**Input data:**
<<<<

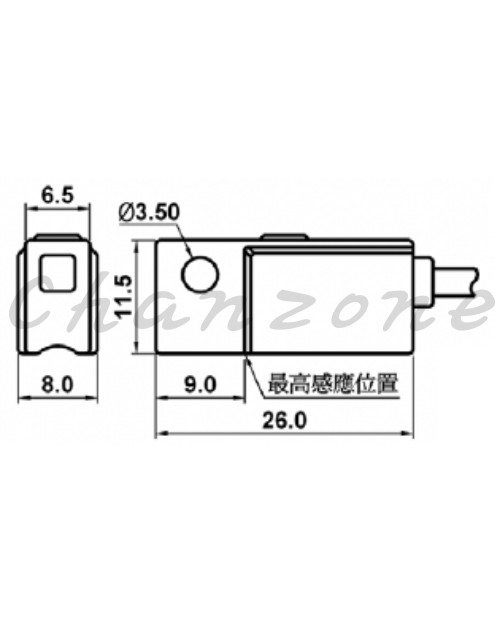 陽明電機 FC系列 磁簧傳感器 FC-48R/RE/D/N/P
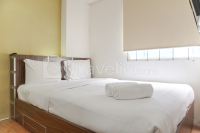 Combined and Spacious 3BR at Green Pramuka City Apartment By Travelio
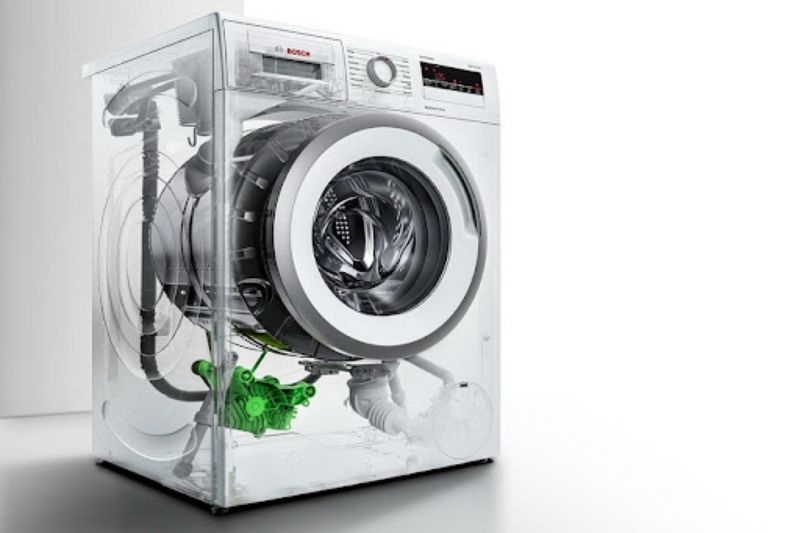 Về chế độ quay của máy giặt Bosch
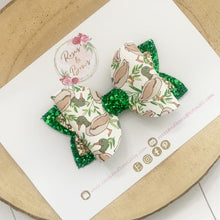 Load image into Gallery viewer, Duck Hair Bow Headband or Clip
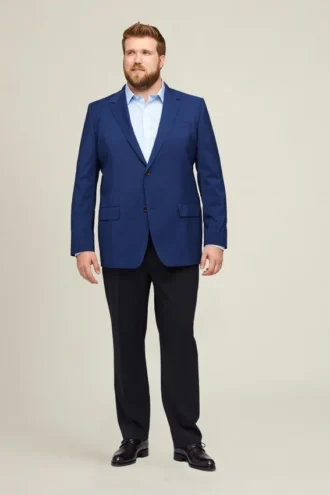 Jetsetter Stretchblazer i italiensk ull | Stora storlekar
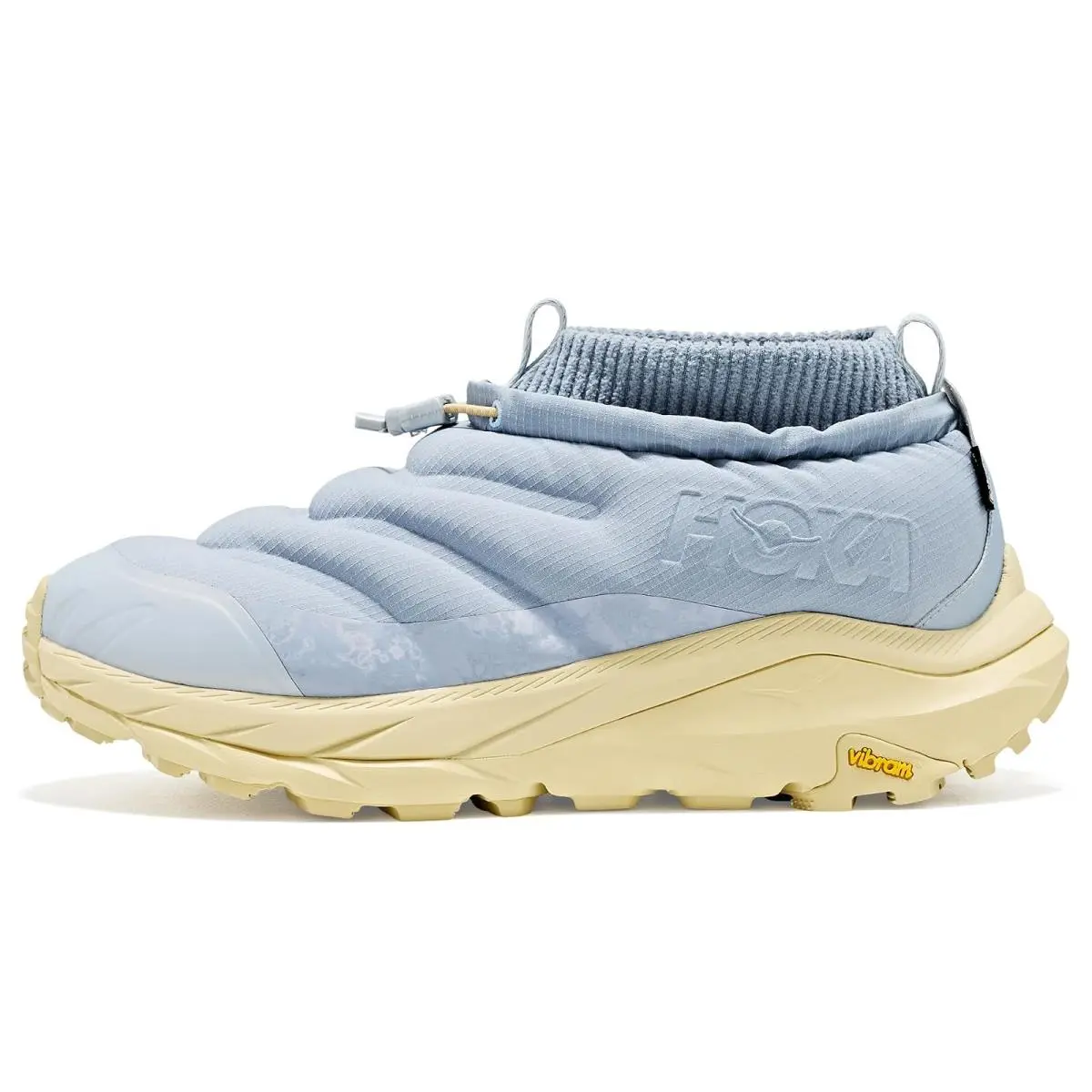 Hoka shoes - Washed Blue/Barley Flour 2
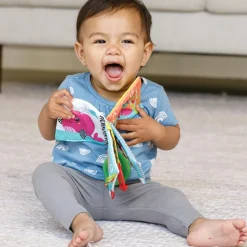 Infantino Livre en tissu Poulpe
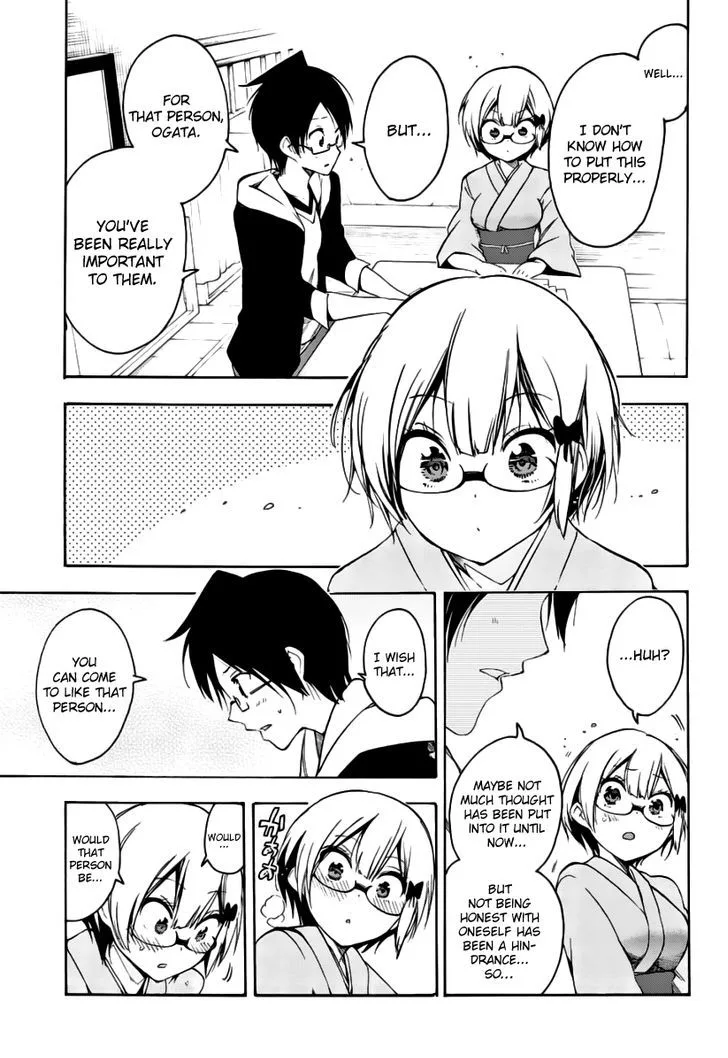 Bokutachi wa Benkyou ga Dekinai Chapter 27 page 14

>>>>

What is needed here is an exact transcript of the data above, pictures excluded.

**Answer to this task:**
 陽明電機 FC系列 磁簧傳感器 FC-48R/RE/D/N/P
 Combined and Spacious 3BR at Green Pramuka City Apartment By Travelio
 Về chế độ quay của máy giặt Bosch
 Load image into Gallery viewer, Duck Hair Bow Headband or Clip
 Jetsetter Stretchblazer i italiensk ull | Stora storlekar
 Hoka shoes - Washed Blue/Barley Flour 2
 Infantino Livre en tissu Poulpe
 Bokutachi wa Benkyou ga Dekinai Chapter 27 page 14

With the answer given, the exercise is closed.